ADD REPLY • link 8.5 years ago by harold.smith.tarheel ★ 5.0k

1

Entering edit mode

It doesn't look like you installed HOMER or some of its dependencies appropriately. Go back to the HOMER installation page and follow it carefully.

ADD REPLY • link 8.5 years ago by Sinji ★ 3.2k

0

Entering edit mode

I will reread the instructions for installation on ubuntu 14.04, 64-bit. Thank you :).

ADD REPLY • link 8.5 years ago by bioguy24 ▴ 230

0

Entering edit mode

Read the output:

 sh: 1: bed2pos.pl: not found
 sh: 1: checkPeakFile.pl: not found
 sh: 1: cleanUpPeakFile.pl: not found
...

It can't find these scripts. They are probably in the same /bin directory as annotatePeaks.pl. If so, you need to add this directory to your $PATH.

ADD REPLY • link 8.5 years ago by harold.smith.tarheel ★ 5.0k

score 2 · Accepted Answer · 2016-11-18

To demonstrate the annotation process I will describe, we need some genes. Let's assume you're working with human data and that you visit the GENCODE site to grab GENCODE records in GTF format.

You can use BEDOPS gtf2bed to convert this to a sorted UCSC BED-formatted file containing GENCODE genes. For example, here is how to get GENCODE v19 gene annotations for genome build hg19:

$ wget -qO- ftp://ftp.sanger.ac.uk/pub/gencode/Gencode_human/release_19/gencode.v19.annotation.gtf.gz
    | gunzip -c - \
    | gtf2bed - \
    | grep "\tgene\t" \
    > gencode.v19.annotation.gtf.genes.bed

Now that you have both data sets in BED format, you can now map your BED file to the GENCODE annotations with BEDOPS bedmap, which returns genes that overlap your elements by one or more bases, e.g.:

$  bedmap --echo --echo-map-id-uniq elements.bed gencode.v19.annotation.gtf.genes.bed > answer.bed

The file answer.bed contains the annotation results. This file is a sorted BED file that contains lines of the format:

[ transcript1 ] | [ gene1-overlapping-transcript1 ] ; ... ; [ geneA-overlapping-transcript1 ]
[ transcript2 ] | [ gene1-overlapping-transcript2 ] ; ... ; [ geneB-overlapping-transcript2 ]
...
[ transcriptN ] | [ gene1-overlapping-transcriptN ] ; ... ; [ geneZ-overlapping-transcriptN ]

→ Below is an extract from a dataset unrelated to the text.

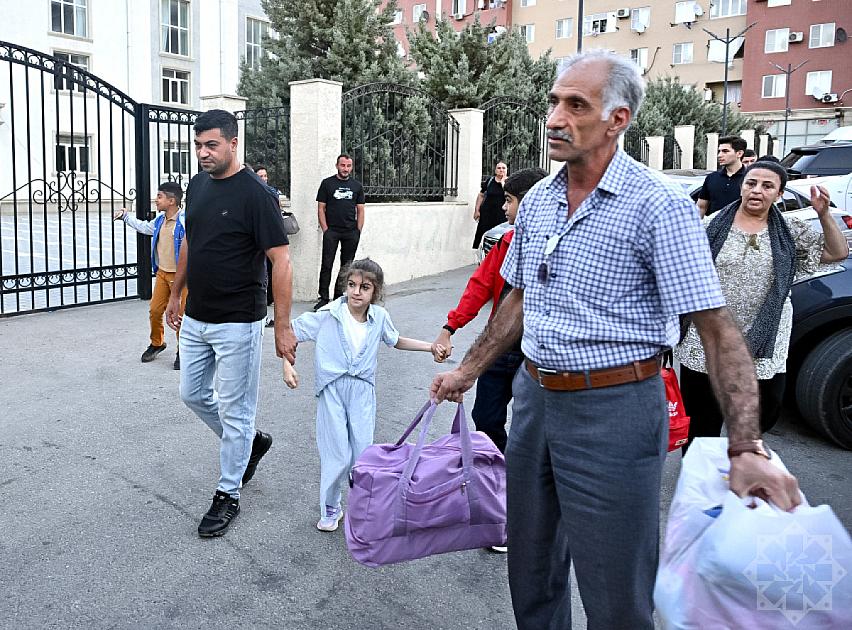 İşğaldan azad edilmiş ərazilərə daha 116 ailə köçürüldü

The pipe character (|) delimits BED-formatted transcript elements from the IDs or names of overlapping genes. The semi-colon (;) delimits names of overlapping genes for a given transcript.

You can replace these delimiters if you need to with the --delim and --multidelim operators, but basically this lets you easily post-process the results with Perl, Python, awk — whatever scripting or other language you prefer.

If you want the entire gene record and not just the gene name, use --echo-map in place of --echo-map-id-uniq. Other --echo-map-* operators are available to recover different attributes of the mapped element.

The default criteria for overlap between transcript and mapped gene is one or more bases. If you want this to be more stringent, review the overlap criteria section of the BEDOPS bedmap documentation.